When I lived in the Bar Area, i had two old acacia trees, deemed to be the two most dangerous trees in the city [hollowed and weakened by rot and roots cut constantly for various construction] These were BIG trees within 18 feet of the house. Since the trees were in the parking, I asked the city to replace them. That's when I found out the city owned them but the legislation had made ME responsible for them. I couldn't do a thing to them WITHOUT a written permit [the city owned them] yet I was supposed to be responsible for them. Right after learning all this and right after the city did a horrible trim job lopping off one side, a bad storm took one of the trees down. It fell diagonally just missing, well almost missing our house but flattened the front of the historical landmark building next door. Took two days for a full size city crew working constanntly to completely cut up and remove the LARGE tree's carcass! And this was with it lyiing on the ground. Since I am responsible for the tree, if it had more severely damaged our house, I would have had to pay a lot. But because it also fell adjacent, somehow the culpability went back to the city, not me, and they had to pay the neighbor to reconstruct his historical landmark house. Go figure. So there is govt at work again. THEY own the tree. Home owner is responsible for the tree, but can't trim it, can't select what type, can't cut it down. Nothing, without a permit and of course pay for the permit. Yet, and this is luckily, if the tree damages someone else's property, the city has to pay. Some lawyer somewhere must be getting rich off this convolution of logic.
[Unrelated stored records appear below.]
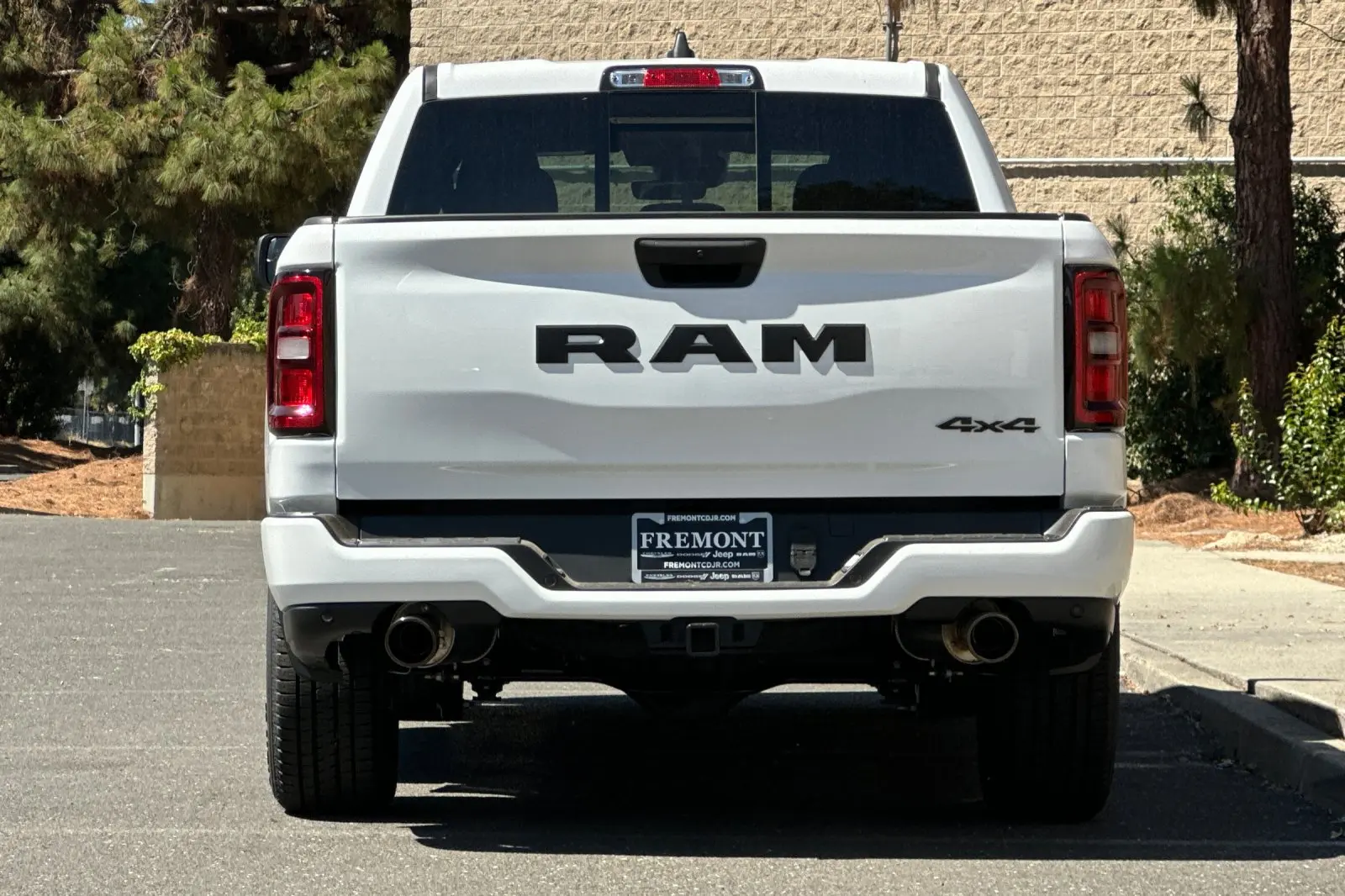 2026 RAM 1500 Express 4x4 Crew Cab 5'7 photo 4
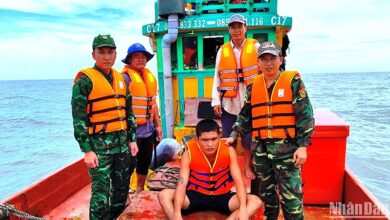 Biên phòng Cà Mau cứu hộ ngư dân trôi dạt trên biển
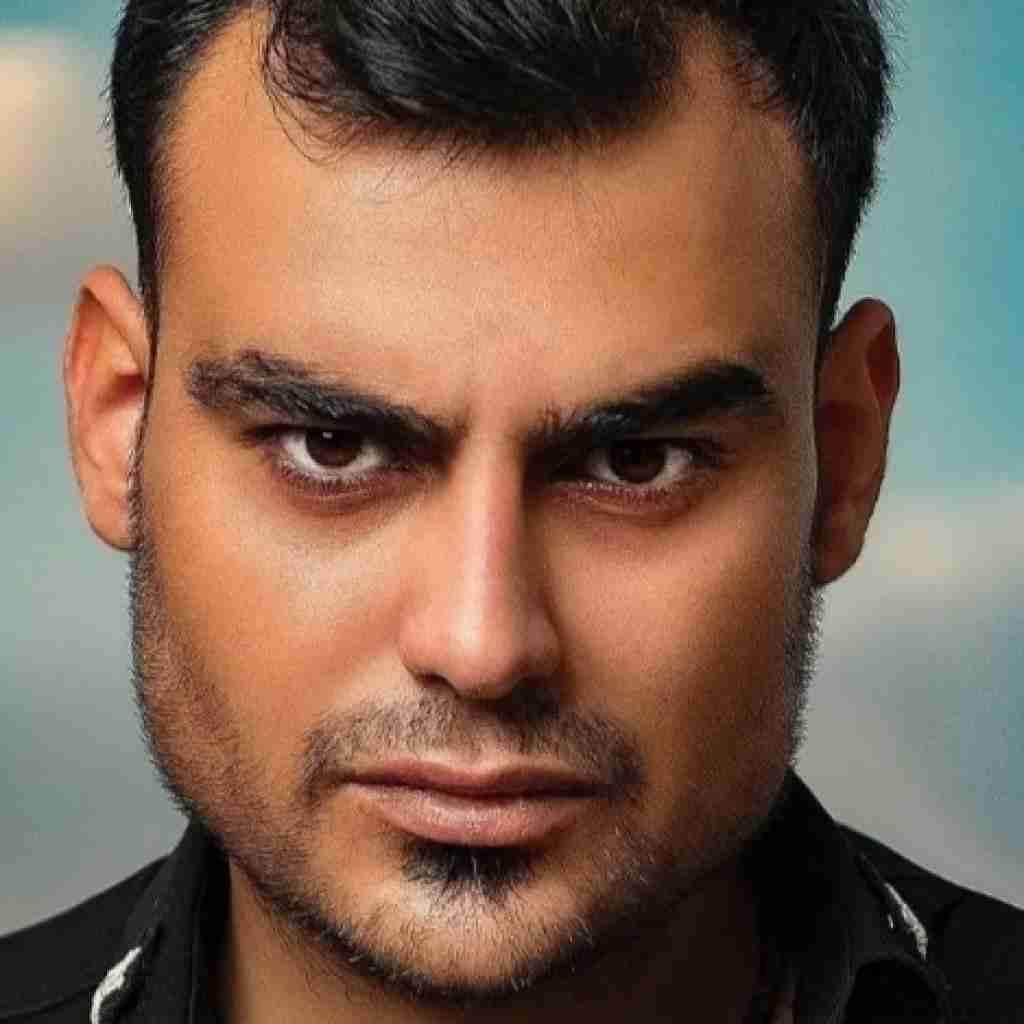 روح الله کرمی مه قبل تونم هی تنها بودم ولی بعد تونم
The remaing tree? I was told the city would give me a free permit for me to hire someone to cut down the tree [estimation excess of $3,000. No thanks. Then along came light rail and THEY cut it down, part of their budget. Problem solved.
A few years ago the county wanted to clean out vegetation from a canal that cuts across about 200' of our property. It took...
a roughly 25' diesel powered barge with moveable, chopping props a crane to get the boat in/out of the water
2 airboats
1 supervisor (with county car)
2 men to work the barge at least 4 other men to do I know not what about 3 days __________________
Non-government workers are more diligent. When I lived in Honolulu I was in a position to see work being done while the new state capitol was being built. There was one guy with a backhoe who was moving a pile of dirt from one place to another. When he finished, he moved it back to where it was originally. That's all he did, day after day...move the same pile of dirt back and forth. Can you say, "cost plus"?
Home office, I can verify during all the work listening to the chipper being USED!, hearing, watching. Actually, I was surprised too, but it seemed due to the storm they were supposed to be MANY other places. But I think my neighbor got some preferential priority becuase he 'owns' half of Los Gatos, plus the tree kind of fell across a bit of SJ's north-south main street.
In my part of the world, the town hires out Asplundth (sp?) contractors to do the chipping (i.e., chipping is done by private companies working for the town).